It's interesting to see how often the US' attempts to instil the 'right' governments in places such as Chile and Guatemala led to the complete opposite, which they were then basically forced to support. It's also clever how the smaller powers would leverage the US and Russia to their own ends too.

It was eye-opening that figures like Mao and Che Guevara were seen as hero figures by their supporters not necessarily for their competence or their results, but simply as they represented 'revolutionary romanticism'. I think it draws parallels to the same sort of attitude that allowed Brexit to pass or Trump to be voted in. Not necessary because they're good or believed to be the right choice, but because they're a 'fuck you'.




kleinbl00  ·  134 days ago  ·  link  ·  

    I'd actually been looking for a book that does the a similar thing for WW2 for a while, but settled for this.

I can vouch for Toland. The Rising Sun is a soup-to-nuts chronology of how Japan stumbled into WWII with both arms open despite knowing it was fundamentally unwinnable. And while The Last 100 Days doesn't go into the lead-up, it sure gives you a ground-level view of the fall of the 3rd reich. Those are the only two I've read. There may be better.

If you want a fictionalized account of the decline and fall of Eurasia, I wholeheartedly recommend The Century Trilogy even though I've only gotten through the first two books. It's melodrama but it's good. Think Downton Abbey but steamier and largely historically accurate.

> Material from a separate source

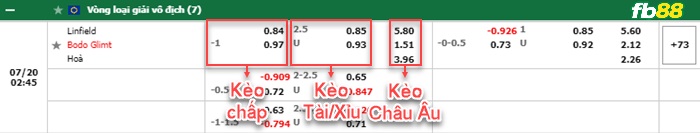 Fb88 bảng kèo trận đấu Linfield vs Bodo Glimt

https://geopoliticalfutures.com/reading-march-20-2018/

    I didn’t love Ken Follett’s “Fall of Giants” while I was reading it. Parts of it were gripping. The depictions of the battles – Tannenberg, the Marne, the Somme – are especially well executed, as is much of the Russian Revolution. And the discussions of strategy were absorbing once I got past the passages of clumsy dialogue. But other parts couldn’t end soon enough. There are multiple sex scenes – for the most part they were as uncomfortable as they were unnecessary. And there are some boring attempts at developing characters who are better thought of as avatars of whole institutions or social movements – the English earl who becomes an officer, the German nobleman who becomes a spy, the Welsh coal miner who takes up arms, the goofy American who becomes a diplomat, the poor Russian who joins the revolution, the other poor Russian who becomes an American gangster, the suffragist. By the end of the book, I was moderately interested in the fates of only maybe two of the dozen or so significant characters.

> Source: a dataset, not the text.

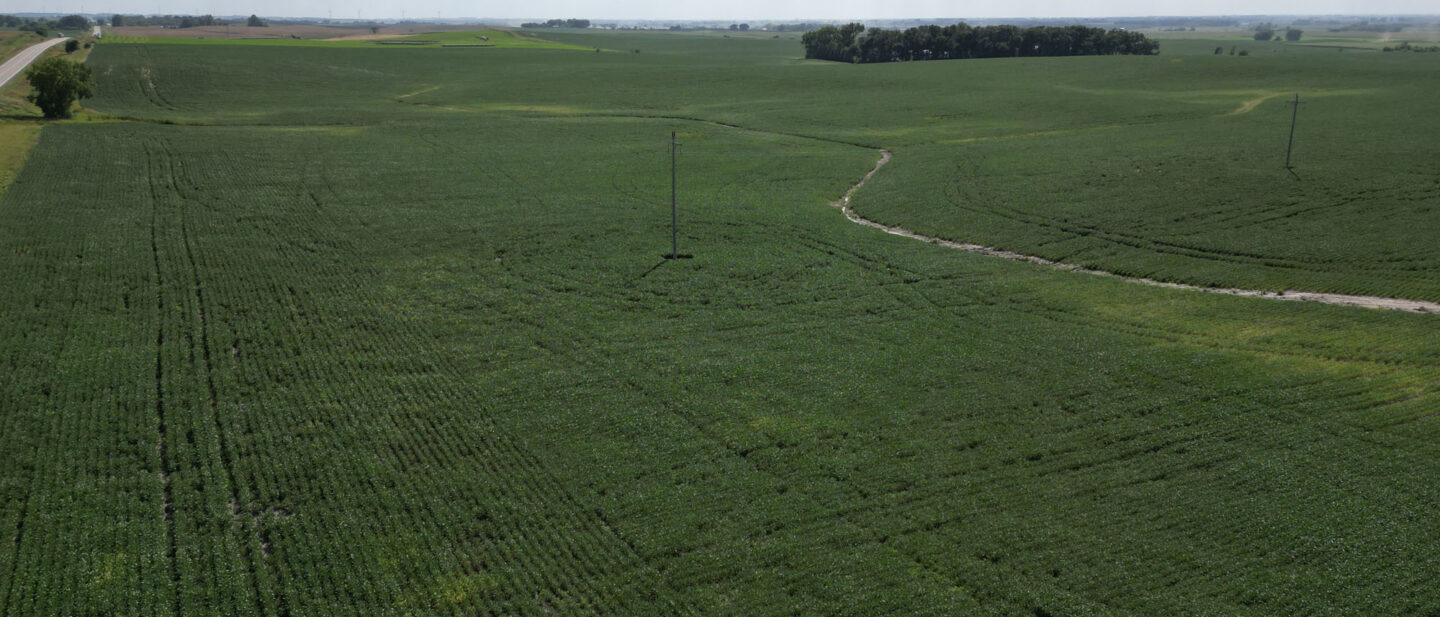 T1 Drone Pic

    So I didn’t love the book. But I picked up the second installment of Follett’s Century Trilogy, “The Winter of the World,” the day after I finished the first. As you may have guessed, the second book covers Hitler’s rise in Germany, the Spanish civil war, the British efforts to repel fascism, the famous World War II battles, the horrors perpetrated by the Nazis and the Soviet soldiers, and the development of the atomic bomb. And I’ve found myself thinking about the first book almost daily.

    I liked the strategic machinations and loved the war stories, but it’s the first-person perspectives that I haven’t been able to shake. Take, for example, the story of Walter von Ulrich, the son of an influential German official who arrogantly drove the country to war, and Walter’s childhood friend, a Brit named Earl Fitzherbert. Walter was a dove, Earl a hawk, but war is an indiscriminate machine that sucks in the meek and eager alike. They soon found themselves on the battlefield, mingling casually in no man’s land. These kinds of coincidences defy credulity, and I have to remind myself that they did, in fact, actually happen.

    Over and over, the characters just happen to find themselves at the intersections of history. They’re in the key battles, the important meeting rooms. It’s improbable, but unimportant. The characters are just our excuse to be there as history unfolds. And a lot of history unfolds – Follett did a remarkable amount of research for the book, which comes in at around 1,000 pages.

    Much of what the characters experience was nearly unthinkable. It’s a theme that came up again, even more horrifically, in the second book of the trilogy. I haven’t moved on to the third book yet, but I imagine it’s the outlier – the time when, miraculously, the worst didn’t happen. Still, as I read the headlines of today – about the dissolution of the European project, the brinkmanship in Northeast Asia, the rise of far-right groups and the polarization of America and much of the West – the unthinkability that thematically defines books one and two creeps into my mind and refuses to leave.

    With hindsight, it’s easy to say those old wars and the surrounding upheaval in Follett’s books were inevitable. But to most of the men and women of the time, they were unimaginable. “Fall of Giants” allowed me to imagine it, and I almost wish it hadn’t.

rezzeJ  ·  132 days ago  ·  link  ·  

Thanks for the recommendations. I'm definitely adding The Rising Sun to the list.

I'm intrigued by Follett's trilogy. I don't believe I've read any full-on historical fiction before. I'll keep that one on the radar.

kleinbl00  ·  132 days ago  ·  link  ·  

I would say Follett's Eye of the Needle is the best thriller I've ever read. He leaves Forsythe in the dust.

Century Trilogy is modern; he'd been a living god for 20 years when he started it. It's meladromatic where his earlier stuff isn't. But melodrama sells, and he nails it.

Try Eye of the Needle. it's short.

rezzeJ  ·  131 days ago  ·  link  ·  

I read the sample over my coffee this morning. It hooked me right in.

I was flirting with Dune, but I think I'll go for Eye of the Needle once I'm done with One Flew Over the Cuckoo's Nest.

kleinbl00  ·  131 days ago  ·  link  ·  

I haven't read Cuckoo's Nest. The movie was enough for me. I read some bleak-ass stuff but somehow that one has always seemed a bridge too far.

There are people who are massive fans of Dune. I... am the opposite of that.

rezzeJ  ·  130 days ago  ·  link  ·  

On the other hand, I haven't seen the film.

I just finished the book a few minutes ago. Apart from the inevitable ending of the story, I didn't feel it was overly bleak. In fact, hiding underneath the initial conflict and melancholy, there was a quiet sense of hope at the heart of it all.

I think this is gifted to book chiefly through the first-person narration by Bromden, which I gather was lost from the film (along with some key parts of his character development). So I can imagine that contributed to a bit of a shift in tone.